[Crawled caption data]
⟨
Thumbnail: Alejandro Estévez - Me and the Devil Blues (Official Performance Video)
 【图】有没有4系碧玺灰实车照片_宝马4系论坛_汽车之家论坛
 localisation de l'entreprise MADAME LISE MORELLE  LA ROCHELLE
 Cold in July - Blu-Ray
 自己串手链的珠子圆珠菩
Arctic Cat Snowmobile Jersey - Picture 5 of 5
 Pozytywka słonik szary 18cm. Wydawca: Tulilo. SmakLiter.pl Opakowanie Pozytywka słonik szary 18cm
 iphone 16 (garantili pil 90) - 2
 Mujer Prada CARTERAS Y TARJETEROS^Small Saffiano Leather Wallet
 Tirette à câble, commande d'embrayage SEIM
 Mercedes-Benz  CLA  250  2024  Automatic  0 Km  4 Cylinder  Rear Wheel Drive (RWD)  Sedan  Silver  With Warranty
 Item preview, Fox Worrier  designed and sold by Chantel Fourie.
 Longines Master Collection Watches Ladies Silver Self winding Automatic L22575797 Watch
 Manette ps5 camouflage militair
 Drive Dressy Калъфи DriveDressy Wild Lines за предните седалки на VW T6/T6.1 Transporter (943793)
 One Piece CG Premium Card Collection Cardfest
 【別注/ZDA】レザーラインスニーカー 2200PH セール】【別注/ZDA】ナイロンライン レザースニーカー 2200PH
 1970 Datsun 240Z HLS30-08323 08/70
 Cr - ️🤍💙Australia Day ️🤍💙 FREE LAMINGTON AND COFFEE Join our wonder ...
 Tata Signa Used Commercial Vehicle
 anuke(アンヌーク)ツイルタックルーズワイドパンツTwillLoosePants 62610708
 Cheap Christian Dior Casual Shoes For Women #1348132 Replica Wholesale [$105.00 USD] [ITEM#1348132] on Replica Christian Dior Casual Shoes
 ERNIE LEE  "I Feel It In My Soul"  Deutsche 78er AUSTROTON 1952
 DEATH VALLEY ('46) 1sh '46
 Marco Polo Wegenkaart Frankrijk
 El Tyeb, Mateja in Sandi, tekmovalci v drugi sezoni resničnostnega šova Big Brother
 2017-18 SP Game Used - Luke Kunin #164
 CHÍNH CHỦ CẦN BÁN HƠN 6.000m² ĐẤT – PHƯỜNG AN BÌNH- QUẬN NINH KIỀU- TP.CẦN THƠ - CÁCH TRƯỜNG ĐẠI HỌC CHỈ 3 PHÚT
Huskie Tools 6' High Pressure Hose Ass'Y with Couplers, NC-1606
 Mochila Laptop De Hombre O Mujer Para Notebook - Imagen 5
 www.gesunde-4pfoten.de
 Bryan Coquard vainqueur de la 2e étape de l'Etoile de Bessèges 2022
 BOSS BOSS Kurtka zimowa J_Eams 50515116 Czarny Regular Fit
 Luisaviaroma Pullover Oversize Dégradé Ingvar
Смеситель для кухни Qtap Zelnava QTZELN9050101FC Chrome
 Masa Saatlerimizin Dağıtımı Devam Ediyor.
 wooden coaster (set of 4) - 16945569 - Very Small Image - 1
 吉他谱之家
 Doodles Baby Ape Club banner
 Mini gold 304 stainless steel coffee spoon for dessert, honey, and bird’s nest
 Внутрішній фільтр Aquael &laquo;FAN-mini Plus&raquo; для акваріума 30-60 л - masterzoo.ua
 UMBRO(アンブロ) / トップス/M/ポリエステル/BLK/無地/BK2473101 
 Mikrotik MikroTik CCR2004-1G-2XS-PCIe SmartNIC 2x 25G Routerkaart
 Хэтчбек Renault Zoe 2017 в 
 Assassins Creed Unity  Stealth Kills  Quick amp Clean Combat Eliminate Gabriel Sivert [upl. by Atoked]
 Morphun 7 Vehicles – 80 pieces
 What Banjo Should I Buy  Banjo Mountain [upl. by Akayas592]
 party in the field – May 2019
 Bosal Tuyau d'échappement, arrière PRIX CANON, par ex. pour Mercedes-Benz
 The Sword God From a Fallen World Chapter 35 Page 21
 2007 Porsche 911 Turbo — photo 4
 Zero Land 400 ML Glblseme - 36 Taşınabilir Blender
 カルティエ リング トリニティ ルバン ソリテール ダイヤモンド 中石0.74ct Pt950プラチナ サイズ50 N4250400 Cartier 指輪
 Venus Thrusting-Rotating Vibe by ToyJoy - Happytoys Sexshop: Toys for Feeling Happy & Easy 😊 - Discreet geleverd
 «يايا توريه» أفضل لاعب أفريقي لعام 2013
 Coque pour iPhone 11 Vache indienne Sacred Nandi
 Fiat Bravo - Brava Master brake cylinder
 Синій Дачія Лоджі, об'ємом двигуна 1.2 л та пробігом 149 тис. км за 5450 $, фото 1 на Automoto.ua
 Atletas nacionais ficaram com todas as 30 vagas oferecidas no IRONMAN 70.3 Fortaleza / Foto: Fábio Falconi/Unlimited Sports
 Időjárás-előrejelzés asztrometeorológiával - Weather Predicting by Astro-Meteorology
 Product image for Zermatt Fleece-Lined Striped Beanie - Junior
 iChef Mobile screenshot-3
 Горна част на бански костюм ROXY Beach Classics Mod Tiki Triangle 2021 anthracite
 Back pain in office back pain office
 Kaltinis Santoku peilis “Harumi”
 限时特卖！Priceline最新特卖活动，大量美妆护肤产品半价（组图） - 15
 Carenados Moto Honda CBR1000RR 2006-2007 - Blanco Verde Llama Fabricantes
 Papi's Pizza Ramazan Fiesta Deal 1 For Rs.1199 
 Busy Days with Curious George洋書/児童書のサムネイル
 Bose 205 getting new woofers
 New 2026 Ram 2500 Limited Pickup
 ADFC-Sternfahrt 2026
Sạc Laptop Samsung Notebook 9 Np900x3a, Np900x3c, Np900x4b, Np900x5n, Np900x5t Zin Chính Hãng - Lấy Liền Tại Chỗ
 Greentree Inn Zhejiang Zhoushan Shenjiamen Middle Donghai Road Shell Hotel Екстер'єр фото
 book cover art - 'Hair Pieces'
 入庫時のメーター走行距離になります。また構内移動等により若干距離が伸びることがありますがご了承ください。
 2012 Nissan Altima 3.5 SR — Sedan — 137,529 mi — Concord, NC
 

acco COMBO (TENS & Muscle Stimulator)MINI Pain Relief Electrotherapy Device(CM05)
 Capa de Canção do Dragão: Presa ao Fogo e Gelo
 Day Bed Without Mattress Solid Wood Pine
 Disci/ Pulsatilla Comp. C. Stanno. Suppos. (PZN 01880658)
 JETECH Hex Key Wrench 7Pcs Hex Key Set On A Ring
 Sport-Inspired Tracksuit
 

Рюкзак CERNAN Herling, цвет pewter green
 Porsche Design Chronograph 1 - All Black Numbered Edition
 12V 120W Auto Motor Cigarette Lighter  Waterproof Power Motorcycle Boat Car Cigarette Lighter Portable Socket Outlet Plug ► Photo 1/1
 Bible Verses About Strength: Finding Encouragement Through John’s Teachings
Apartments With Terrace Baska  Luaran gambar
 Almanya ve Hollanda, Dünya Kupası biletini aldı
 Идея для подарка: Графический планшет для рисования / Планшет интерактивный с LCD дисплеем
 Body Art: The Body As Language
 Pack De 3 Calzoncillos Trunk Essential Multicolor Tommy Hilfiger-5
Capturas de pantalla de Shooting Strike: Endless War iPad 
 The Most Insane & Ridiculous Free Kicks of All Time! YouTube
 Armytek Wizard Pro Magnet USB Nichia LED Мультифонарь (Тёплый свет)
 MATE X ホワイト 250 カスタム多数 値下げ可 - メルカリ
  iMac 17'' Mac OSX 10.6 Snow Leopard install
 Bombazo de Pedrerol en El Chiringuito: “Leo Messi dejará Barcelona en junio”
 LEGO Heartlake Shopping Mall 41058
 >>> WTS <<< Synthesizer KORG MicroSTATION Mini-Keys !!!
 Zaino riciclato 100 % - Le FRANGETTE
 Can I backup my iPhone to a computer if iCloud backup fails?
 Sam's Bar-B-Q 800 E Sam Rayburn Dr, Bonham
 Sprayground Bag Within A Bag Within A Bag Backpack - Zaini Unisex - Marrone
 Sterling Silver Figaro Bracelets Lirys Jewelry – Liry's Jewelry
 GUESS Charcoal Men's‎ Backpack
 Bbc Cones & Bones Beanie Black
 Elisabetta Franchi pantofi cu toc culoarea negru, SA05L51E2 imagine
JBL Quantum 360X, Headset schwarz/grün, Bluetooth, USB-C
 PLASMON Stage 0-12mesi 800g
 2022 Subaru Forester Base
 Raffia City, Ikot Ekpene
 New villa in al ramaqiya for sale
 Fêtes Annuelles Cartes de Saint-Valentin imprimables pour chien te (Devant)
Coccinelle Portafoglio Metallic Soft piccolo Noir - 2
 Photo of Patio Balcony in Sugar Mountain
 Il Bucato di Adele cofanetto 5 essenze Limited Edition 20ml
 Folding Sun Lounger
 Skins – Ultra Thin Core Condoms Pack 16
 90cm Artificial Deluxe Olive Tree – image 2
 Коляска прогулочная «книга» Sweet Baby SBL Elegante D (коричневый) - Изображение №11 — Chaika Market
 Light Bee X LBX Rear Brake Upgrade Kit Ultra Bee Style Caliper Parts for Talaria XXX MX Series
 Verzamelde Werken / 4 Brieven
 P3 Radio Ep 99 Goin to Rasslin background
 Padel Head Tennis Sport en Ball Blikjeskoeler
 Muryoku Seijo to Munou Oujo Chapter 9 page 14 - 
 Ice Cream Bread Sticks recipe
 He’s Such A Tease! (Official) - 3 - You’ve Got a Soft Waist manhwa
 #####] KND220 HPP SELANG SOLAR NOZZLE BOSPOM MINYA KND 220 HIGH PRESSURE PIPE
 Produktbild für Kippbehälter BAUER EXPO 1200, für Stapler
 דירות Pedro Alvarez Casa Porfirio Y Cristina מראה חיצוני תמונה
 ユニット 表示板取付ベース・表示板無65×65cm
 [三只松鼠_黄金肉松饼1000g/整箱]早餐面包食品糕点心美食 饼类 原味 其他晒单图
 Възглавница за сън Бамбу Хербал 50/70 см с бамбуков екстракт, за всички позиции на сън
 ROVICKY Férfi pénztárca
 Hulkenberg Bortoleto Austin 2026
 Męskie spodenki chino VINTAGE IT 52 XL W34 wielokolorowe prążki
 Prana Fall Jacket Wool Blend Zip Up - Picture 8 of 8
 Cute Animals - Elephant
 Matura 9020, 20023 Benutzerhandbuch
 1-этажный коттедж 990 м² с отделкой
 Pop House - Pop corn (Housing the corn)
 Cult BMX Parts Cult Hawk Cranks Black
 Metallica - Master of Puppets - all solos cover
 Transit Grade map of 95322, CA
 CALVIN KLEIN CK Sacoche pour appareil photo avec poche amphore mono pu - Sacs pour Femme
⟩
• [What you should do]: What you should output is every line of the records above, from the first through the line containing "wooden coaster (set", unchanged.

• [Exercise response]:
Thumbnail: Alejandro Estévez - Me and the Devil Blues (Official Performance Video)
 【图】有没有4系碧玺灰实车照片_宝马4系论坛_汽车之家论坛
 localisation de l'entreprise MADAME LISE MORELLE  LA ROCHELLE
 Cold in July - Blu-Ray
 自己串手链的珠子圆珠菩
Arctic Cat Snowmobile Jersey - Picture 5 of 5
 Pozytywka słonik szary 18cm. Wydawca: Tulilo. SmakLiter.pl Opakowanie Pozytywka słonik szary 18cm
 iphone 16 (garantili pil 90) - 2
 Mujer Prada CARTERAS Y TARJETEROS^Small Saffiano Leather Wallet
 Tirette à câble, commande d'embrayage SEIM
 Mercedes-Benz  CLA  250  2024  Automatic  0 Km  4 Cylinder  Rear Wheel Drive (RWD)  Sedan  Silver  With Warranty
 Item preview, Fox Worrier  designed and sold by Chantel Fourie.
 Longines Master Collection Watches Ladies Silver Self winding Automatic L22575797 Watch
 Manette ps5 camouflage militair
 Drive Dressy Калъфи DriveDressy Wild Lines за предните седалки на VW T6/T6.1 Transporter (943793)
 One Piece CG Premium Card Collection Cardfest
 【別注/ZDA】レザーラインスニーカー 2200PH セール】【別注/ZDA】ナイロンライン レザースニーカー 2200PH
 1970 Datsun 240Z HLS30-08323 08/70
 Cr - ️🤍💙Australia Day ️🤍💙 FREE LAMINGTON AND COFFEE Join our wonder ...
 Tata Signa Used Commercial Vehicle
 anuke(アンヌーク)ツイルタックルーズワイドパンツTwillLoosePants 62610708
 Cheap Christian Dior Casual Shoes For Women #1348132 Replica Wholesale [$105.00 USD] [ITEM#1348132] on Replica Christian Dior Casual Shoes
 ERNIE LEE  "I Feel It In My Soul"  Deutsche 78er AUSTROTON 1952
 DEATH VALLEY ('46) 1sh '46
 Marco Polo Wegenkaart Frankrijk
 El Tyeb, Mateja in Sandi, tekmovalci v drugi sezoni resničnostnega šova Big Brother
 2017-18 SP Game Used - Luke Kunin #164
 CHÍNH CHỦ CẦN BÁN HƠN 6.000m² ĐẤT – PHƯỜNG AN BÌNH- QUẬN NINH KIỀU- TP.CẦN THƠ - CÁCH TRƯỜNG ĐẠI HỌC CHỈ 3 PHÚT
Huskie Tools 6' High Pressure Hose Ass'Y with Couplers, NC-1606
 Mochila Laptop De Hombre O Mujer Para Notebook - Imagen 5
 www.gesunde-4pfoten.de
 Bryan Coquard vainqueur de la 2e étape de l'Etoile de Bessèges 2022
 BOSS BOSS Kurtka zimowa J_Eams 50515116 Czarny Regular Fit
 Luisaviaroma Pullover Oversize Dégradé Ingvar
Смеситель для кухни Qtap Zelnava QTZELN9050101FC Chrome
 Masa Saatlerimizin Dağıtımı Devam Ediyor.
 wooden coaster (set of 4) - 16945569 - Very Small Image - 1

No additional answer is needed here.